I think a published update to MD5 security considerations should clearly say
what it's still fine to do with MD5, in addition to what it's not safe to do.
This would mean adding a couple sentences, and that's about all it would really
take to be clear on the issue:
"Since RFC 1321 was published, MD5 found popular use in checksuming large file
transfers. This use of MD5 is still reasonable, as the level of collision
resistance is of less importance in this application and MD5 may be
significantly more efficient than cryptographically stronger algorithms.
Communications, networking, and storage systems prone to errors (e.g. due to
faulty hardware, drivers, bit-errors, faulty NAT/ALG algorithms, etc) do not
implement the known MD5 collision-finding algorithms, and MD5 remains highly
effective at detecting such errors."
Sent: Wednesday, December 08, 2010 6:33 PM
To: Eddy, Wesley M. (GRC-MS00)[ASRC AEROSPACE CORP]

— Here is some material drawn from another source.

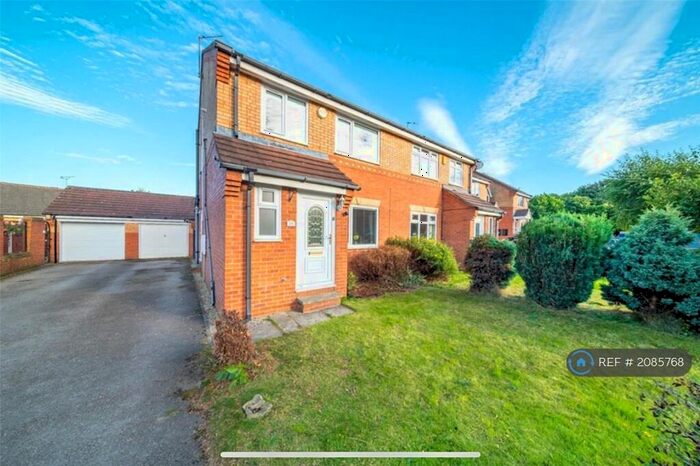 3 Bedroom Semi-Detached House To Rent In Merlin Close, Morley, Leeds, LS27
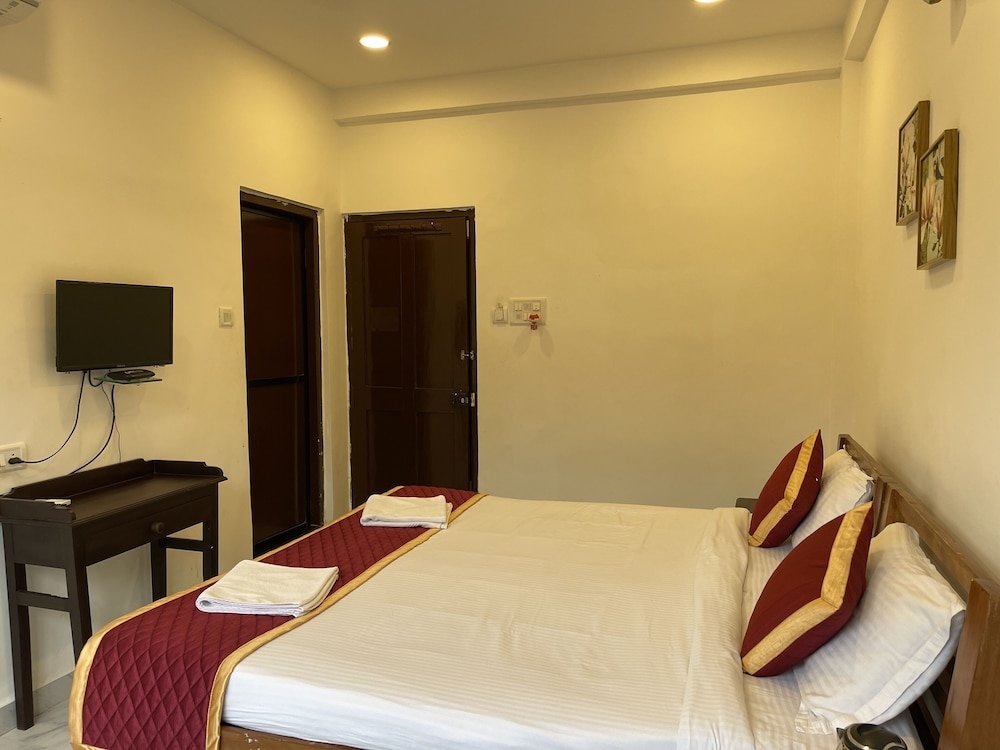 Salotel- Near Mae De Deus Church,Saligao>>Goa,3 star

Cc: L(_dot_)Wood(_at_)surrey(_dot_)ac(_dot_)uk; wes(_at_)mti-systems(_dot_)com;
Subject: Re: Last Call: <draft-turner-md5-seccon-update-07.txt> (Updated
Security Considerations for the MD5 Message-Digest and the HMAC-MD5 Algorithms)
to Informational RFC
In your previous mail you wrote:
The logic doesn't make sense in this position. "Crypto modules
can't use MD5, thus no protocols at all should use MD5."
=> this is a silly/bad/... consequence of the crypto label
attached to the MD5 name. I understand you are not happy with
this but what do you propose?
PS: BTW I'd like to apply the argument only to *new* protocols.